Grabbing our extra layers and my camera, we marched through the heather to a vantage point above to see Stob Ban aglow with the early morning sun, sparkling with a fresh dusting of snow. We drank it all in as the clouds that had smothered the lower tops began to lift and the land awoke. It was as though a dinner cloche had been placed over us through the night and was slowly being lifted off.
After taking photos and and enjoying being in the fortunate position to experience that moment, we dropped back to the bothy to prepare for the day’s outing.
With us both having slightly separate aims for the trip, we decided we would run together to Loch Treig before splitting up: Tom heading east towards Corrour and the eastern edge of Ramsay’s Round; I west along the Abhainn Rath to scout out the Tranter Round line to Stob Ban.
The first section to Loch Treig started on a path but slowly turned into an indistinct trod, often through damp ground. With 7km under our belts, we arrived at Creaguaineach Lodge, seemingly an old stalkers lodge at the edge of Loch Treig. Behind it stood a company of Scots Pines, packed close together on a small hillock.
Sitting down on one of their fallen brethren, we dried out damp socks and addressed a blister, marvelling at the mini ecosystem that was thriving in this stand of pines. Stonechats and chaffinches flitted from branch to branch, with early season insects slowly awakening from their winter hibernation. With the sun streaming through the gnarled branches above, it was hard not to stay there all day.
With an effort, we picked ourselves up and parted ways. Following the Abhainn Rath this way was such an incredible insight into the life of this river. From its mouth at Loch Treig to its head at the edge of Glen Nevis is around 8km of gentle ground.
As I followed against its current, it became a companion of sorts, swinging away every so often, only to come back with fresh delight. In the early stages, I was captivated by the frothing cauldrons and foaming waterfalls, inspiring thoughts of summer afternoon dips after a long day in the hills; later, they are replaced with meandering stony bends and slower currents.
Following the great river, I eventually came across Staoineag bothy – a gingerbread house-like building teetering above the Abhainn Rath, sat in the shadows of a looming mountain and a small huddle of trees. After a quick look around, it was back on the trail, winding my way towards my third bothy of the day – Meanach.

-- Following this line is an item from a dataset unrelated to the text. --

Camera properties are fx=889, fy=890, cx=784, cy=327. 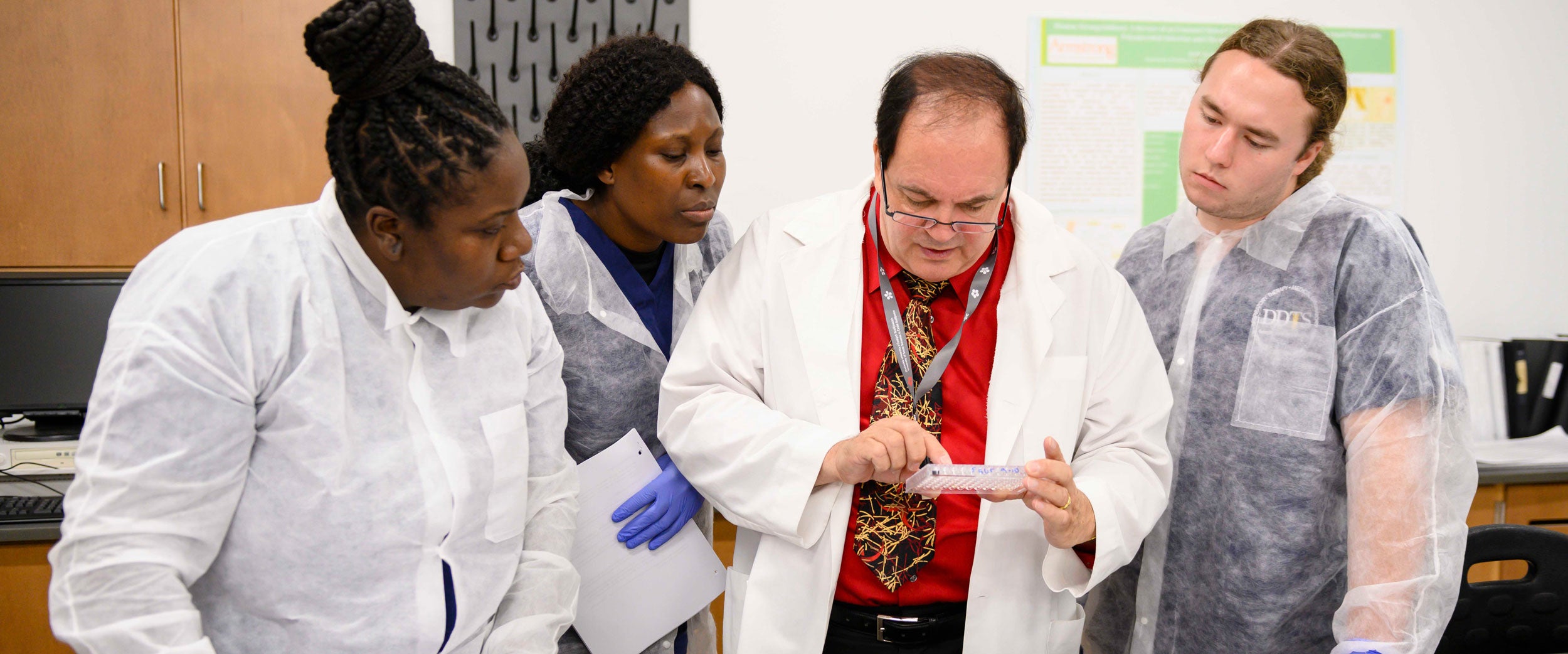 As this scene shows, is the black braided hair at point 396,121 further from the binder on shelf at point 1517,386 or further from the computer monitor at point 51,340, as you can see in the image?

As I ran, I was following in the footsteps of Ramsay Round hopefuls. This section is a love-or-hate one, with some enjoying the break from the endless ups and downs, whilst others are drained by the monotony and constant effort of a near-flat ground. As I hopped over stream after stream, I could image, on tired legs, cursing every little jump and sucking of energy, knowing I was only (at best) halfway there.
Rounding a corner, I spotted Meanach bothy ahead. The sky was clear and blue save for a few fluffy tendrils, with the sun hinting that spring was finally here. This was the weather we had been promised.
Where Staoineag is a bothy hemmed in by its surroundings; Meanach sits in an absence of surroundings. Flat boggy ground extends around it, with the Abhainn Rath a solid 50-meters away. The hills stand clear of it, leaving it isolated in a heathy emptiness. I can imagine in summer the bog asphodel carpeting the ground with yellow, but brown was the only colour available that day.
After reading the log book and finding a frenzied entry from someone warning against entering the supposedly-haunted Luibeilt ruins on the opposite side of the river. Had the sun not been streaming over the pages, their words might have sent a chill down my spine: “There is nothing you want to find there. This weekend will haunt me forever. DO NOT GO IN.”
Choosing to eat my lunch from the safety of this side of the river, I watched as a walker slowly made his way towards the ruins opposite. I resisted the urge to mischievously make a shrieking sound as he approached it with caution. After finishing my sandwich and idly watching the walker walk around the ruins (I do think he was actually there…) I set off in search of my line up Stob Ban.
My route contained only 920m ascent – most of which was this final stretch. I left the Abhainn Rath behind, heading north up Meall a’ Bhuirich, a typically concave shaped slope which got steeper and steeper with every step. After a gruelling knees to chest march up to 700m, a started to contour around the side, ankles pitched at 45-degrees to maintain traction on the slope.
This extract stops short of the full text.